Description of the task :: Begin with the line containing "this 436×325 image.", end with the last line of the records, and retype everything in between exactly, without the pictures.

START Task input

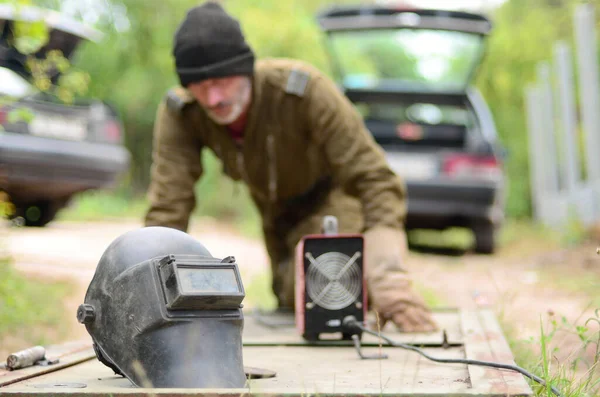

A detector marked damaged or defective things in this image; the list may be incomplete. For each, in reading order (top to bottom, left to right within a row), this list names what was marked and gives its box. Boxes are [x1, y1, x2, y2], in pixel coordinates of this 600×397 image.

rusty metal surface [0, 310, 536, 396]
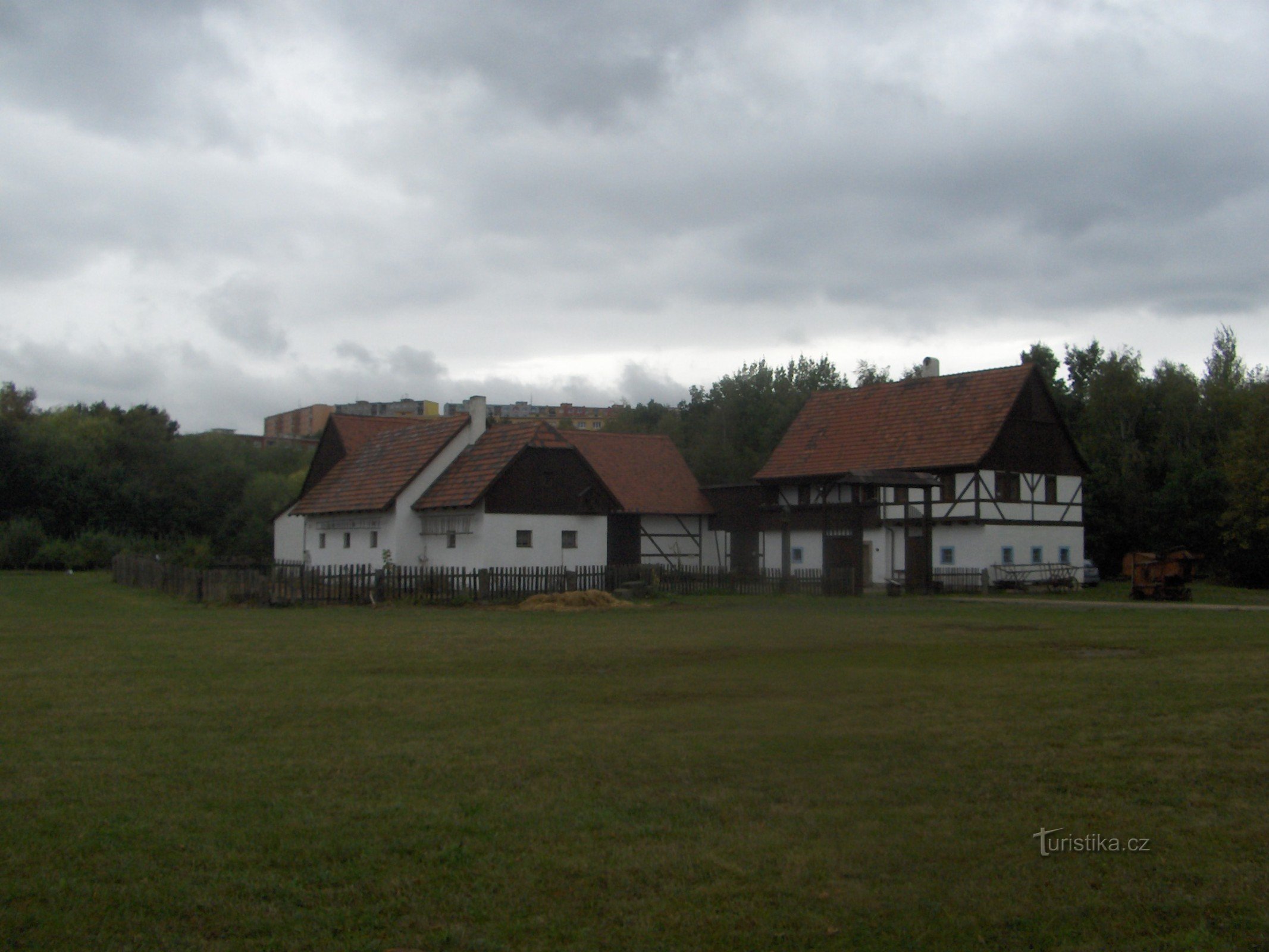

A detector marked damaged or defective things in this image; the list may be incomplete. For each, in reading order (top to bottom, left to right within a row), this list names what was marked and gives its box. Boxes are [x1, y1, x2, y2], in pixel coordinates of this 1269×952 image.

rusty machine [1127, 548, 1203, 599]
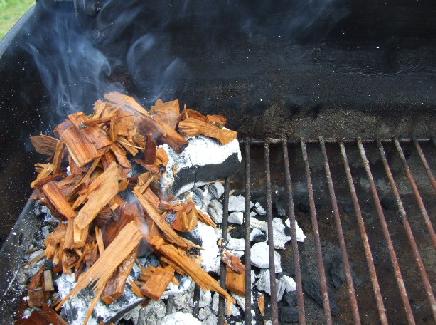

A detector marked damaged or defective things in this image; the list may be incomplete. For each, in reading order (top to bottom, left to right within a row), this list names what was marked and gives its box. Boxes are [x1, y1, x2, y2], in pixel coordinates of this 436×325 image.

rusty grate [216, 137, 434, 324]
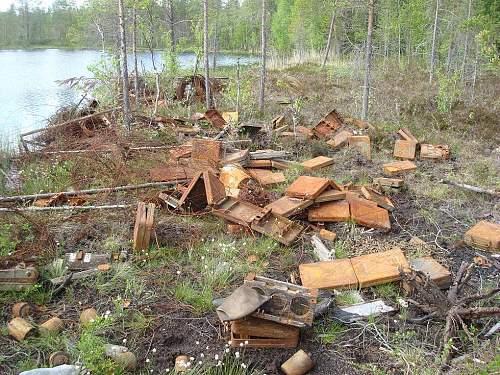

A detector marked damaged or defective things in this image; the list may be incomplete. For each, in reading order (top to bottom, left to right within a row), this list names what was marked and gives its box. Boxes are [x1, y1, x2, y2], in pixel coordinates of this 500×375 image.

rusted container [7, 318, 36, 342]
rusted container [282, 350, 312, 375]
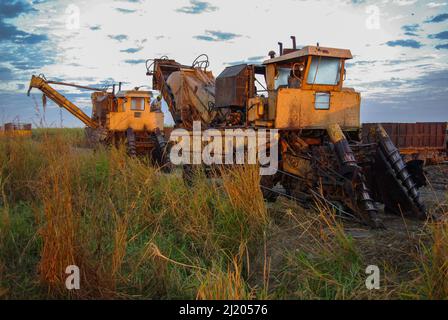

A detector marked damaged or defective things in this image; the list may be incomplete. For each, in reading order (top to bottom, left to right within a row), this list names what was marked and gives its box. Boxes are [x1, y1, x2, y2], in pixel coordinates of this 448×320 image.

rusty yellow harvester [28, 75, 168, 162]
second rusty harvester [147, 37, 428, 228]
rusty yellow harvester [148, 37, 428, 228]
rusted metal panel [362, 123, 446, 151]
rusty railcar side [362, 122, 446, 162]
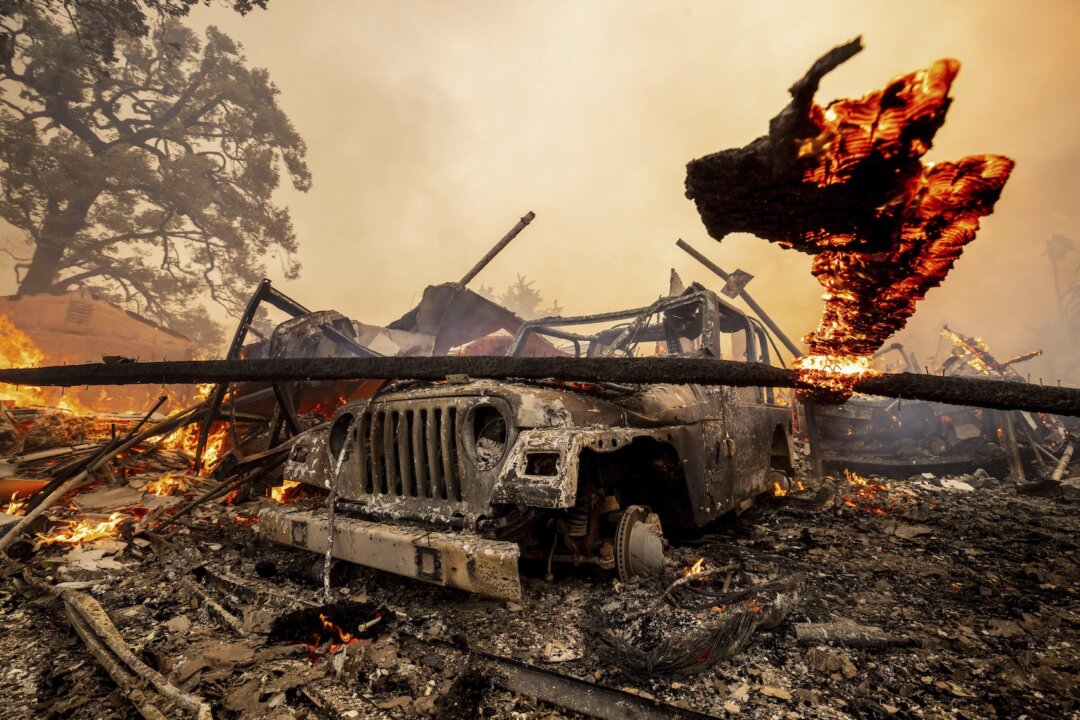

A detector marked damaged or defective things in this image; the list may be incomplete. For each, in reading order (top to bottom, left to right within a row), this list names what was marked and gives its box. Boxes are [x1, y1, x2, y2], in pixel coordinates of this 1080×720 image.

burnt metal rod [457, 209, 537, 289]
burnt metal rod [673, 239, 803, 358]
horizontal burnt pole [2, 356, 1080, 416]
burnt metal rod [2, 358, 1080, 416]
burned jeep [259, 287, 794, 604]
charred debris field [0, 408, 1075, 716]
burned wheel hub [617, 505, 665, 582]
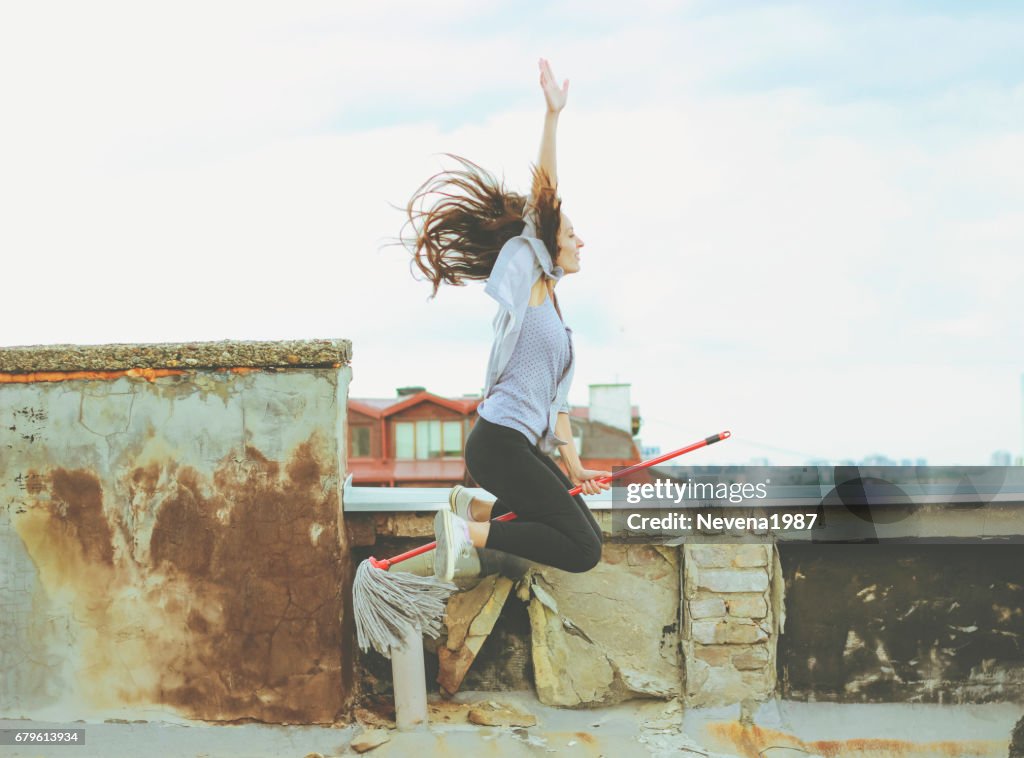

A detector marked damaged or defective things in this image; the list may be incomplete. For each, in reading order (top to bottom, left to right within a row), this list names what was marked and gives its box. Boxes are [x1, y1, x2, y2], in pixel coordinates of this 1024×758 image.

END Task input

Response area ::
A detector marked damaged or defective things in this image; the list may be incomplete. For each, in reading order (top to bottom, left to right within a row), this list names what was marked and gives its box. Boxes are [x1, y1, x2, y2], in pixel coordinates of this 436×325 image.

rusty grate [216, 137, 434, 324]

A detector marked damaged or defective things in this image; the list may be incomplete. For each, in reading order (top to bottom, left to right within a row), this list names what was marked and gives its box. Boxes are [x1, y1, x2, y2], in pixel coordinates of this 500×375 image.

rusted container [7, 318, 36, 342]
rusted container [282, 350, 312, 375]

A detector marked damaged or defective things in this image; the list may be incomplete. For each, in reading order (top to bottom, left to right within a row), this list names what was marked and gives its box. Boxes are [x1, y1, x2, y2], in pixel coordinates of this 448×320 image.

rusty yellow harvester [28, 75, 168, 162]
second rusty harvester [147, 37, 428, 228]
rusty yellow harvester [148, 37, 428, 228]
rusted metal panel [362, 123, 446, 151]
rusty railcar side [362, 122, 446, 162]

A detector marked damaged or defective things in this image; the list may be incomplete. For each, in reading order (top to bottom, left to right within a row), this list names what was marked and gives its box. Boxes are [x1, y1, x2, y2], in pixel coordinates of this 1080×720 image.

burnt metal rod [457, 209, 537, 289]
burnt metal rod [673, 239, 803, 358]
horizontal burnt pole [2, 356, 1080, 416]
burnt metal rod [2, 358, 1080, 416]
burned jeep [259, 287, 794, 604]
charred debris field [0, 408, 1075, 716]
burned wheel hub [617, 505, 665, 582]

A detector marked damaged or defective things in this image; the list may be incomplete. For each, in reading order (top to bottom, left to right within a row), this list names what was marked and gives its box. Boxes are [x1, y1, x2, y2], in pixel coordinates of this 1024×758 image.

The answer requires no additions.